#### [What you will do]
What you should give back is a precise copy of the lines below from the one containing "prague central exclusive apartments" through the one containing "Beim LBR iiwa", with no pictures.

#### [Records shown]
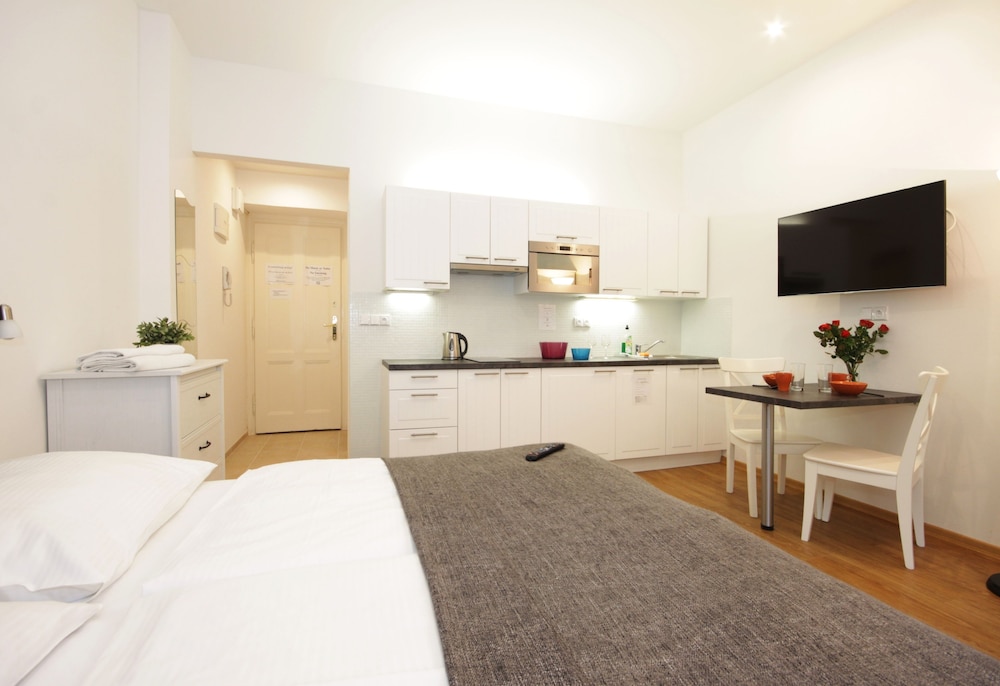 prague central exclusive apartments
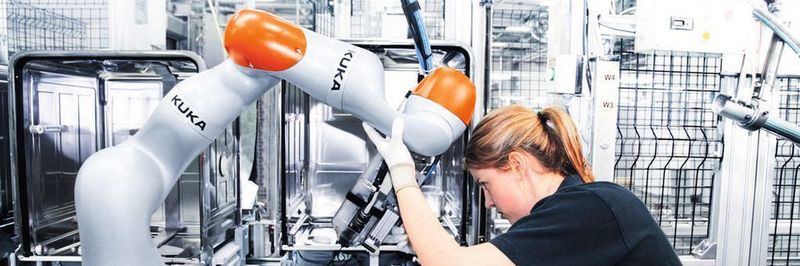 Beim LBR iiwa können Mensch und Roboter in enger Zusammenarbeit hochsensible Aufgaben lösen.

* * *

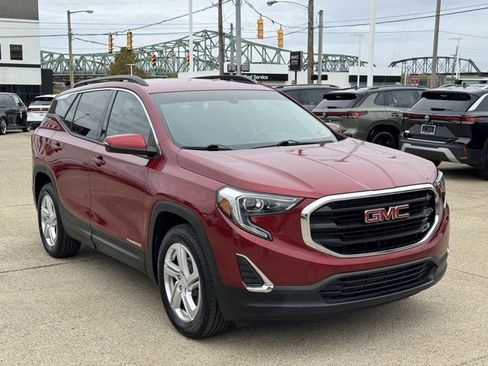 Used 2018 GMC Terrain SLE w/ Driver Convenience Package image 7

#### [Result for this exercise]
 prague central exclusive apartments
 Beim LBR iiwa können Mensch und Roboter in enger Zusammenarbeit hochsensible Aufgaben lösen.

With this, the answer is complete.